‘They’re open to change’: Glimmers of hope for a new YFYS test
The Your Future Your Super (YFYS) reforms likely set a new benchmark for poorly designed regulation. But just as the superannuation industry had begun to learn to live with their ‘unintended consequences’, the new Labor government announced a review that could see some of them rolled back – and tweaks to a test that most in the industry believe fails at its most important job.
“The ultimate issue with the performance test is that it’s not really aligned to what fund members need, not really aligned to long-term returns,” Ian Fryer, general manager of Chant West (photo at top), said on Thursday (October 13). “The efficacy of the test in determining good performance should be consistent with the consequences of the test. What we have now is a test that isn’t very good at measuring the quality of a fund’s performance and has existential consequences. That drives funds to not focus on long-term returns but on passing the test.”
“It’s possible that a fund can invest really well and provide really good long-term returns by making the right calls in different asset sectors through their strategic asset allocation (SAA) and still fail the test. It’s unlikely, but it’s possible. And the fact that it’s possible means that even big funds like AustralianSuper will be careful about how they invest just in case the stars align and the way they invest fails the test.”
Ideally, Chant West would like “a better test” – one that’s aligned with the long-term objectives of superannuation rather than short-term objective of just passing it. The test could be shifted from its focus on a benchmark portfolio return and towards a simple reference portfolio, which would allow the benefits of the SAA to flow through, but it’s “a little bit naïve” to think that one number can tell the whole story.

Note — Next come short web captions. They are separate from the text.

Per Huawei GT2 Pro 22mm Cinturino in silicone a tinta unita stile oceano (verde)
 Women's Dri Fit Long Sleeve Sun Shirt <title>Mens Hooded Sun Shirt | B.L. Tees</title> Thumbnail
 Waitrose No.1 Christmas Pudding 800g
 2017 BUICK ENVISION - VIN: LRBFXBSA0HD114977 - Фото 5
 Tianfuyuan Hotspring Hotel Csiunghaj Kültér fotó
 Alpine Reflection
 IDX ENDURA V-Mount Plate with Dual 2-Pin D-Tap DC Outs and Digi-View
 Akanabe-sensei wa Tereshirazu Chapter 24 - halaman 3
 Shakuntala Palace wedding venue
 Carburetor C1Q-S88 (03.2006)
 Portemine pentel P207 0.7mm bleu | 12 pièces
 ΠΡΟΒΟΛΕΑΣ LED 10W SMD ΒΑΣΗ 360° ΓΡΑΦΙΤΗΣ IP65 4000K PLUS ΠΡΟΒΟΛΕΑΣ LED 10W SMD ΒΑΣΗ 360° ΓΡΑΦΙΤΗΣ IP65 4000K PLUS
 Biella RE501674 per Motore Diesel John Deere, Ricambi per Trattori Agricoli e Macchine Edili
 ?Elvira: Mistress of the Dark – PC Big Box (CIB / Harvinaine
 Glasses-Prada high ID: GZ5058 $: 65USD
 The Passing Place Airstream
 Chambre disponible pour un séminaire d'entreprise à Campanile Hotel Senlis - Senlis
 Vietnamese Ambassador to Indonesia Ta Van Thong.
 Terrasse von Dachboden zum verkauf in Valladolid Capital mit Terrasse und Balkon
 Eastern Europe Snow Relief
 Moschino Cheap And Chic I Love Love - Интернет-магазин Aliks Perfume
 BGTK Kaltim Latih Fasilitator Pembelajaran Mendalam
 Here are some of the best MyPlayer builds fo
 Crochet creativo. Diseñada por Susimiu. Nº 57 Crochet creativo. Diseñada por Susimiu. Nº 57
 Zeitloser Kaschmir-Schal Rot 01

“We’re a proponent of multiple metrics over multiple periods,” Fryer said. “You might have something like what’s in there at the moment, but rather than having everything over eight years have it over three, five, and eight years. Have a risk-adjusted return metric that is also over three, five, and eight years. Maybe some peer comparison over three, five and eight years.”
“You could come up with nine tests and you have to pass five of them to pass. If you don’t, you’re gone. Another possibility is to have one test which is the main one, but if you fail that test you aren’t out; you might move to an APRA review where they have these other tests they can apply to make sure that one test was not a very helpful way of seeing your particular fund.”
But that one initial test would still dominate because funds will be cautious of winding up before an APRA review – so it’s “really important” to get that test operating in such a way that it doesn’t skew performance towards avoiding that consequences. Fryer says Treasury “is doing a great job at consulting” – a stark difference from the previous YFYS consultation process, which was a far cry from collaborative and left the reforms mostly unchanged.
“They’re really open to change, while recognizing that there is some inertia – that there is a test there at the moment that funds have built, rightly or wrongly, the way they do things around… There is some hesitancy for changing things, though it’s not a great test,” Fryer said.
“I think there’s some interest in looking to see if there can be multiple metrics rather than just one; single metric, no matter how you do it, is going to work in some cases and not in others. Whether it’s one test and then a whole bunch of others in a review or a whole bunch initially, I think there’s different views on that. Simplicity is good for the first one… Treasury is quite open to anything, but we as an industry have not been very good at presenting a combined face, so they’re getting lots of different views and trying to make sense of it all.”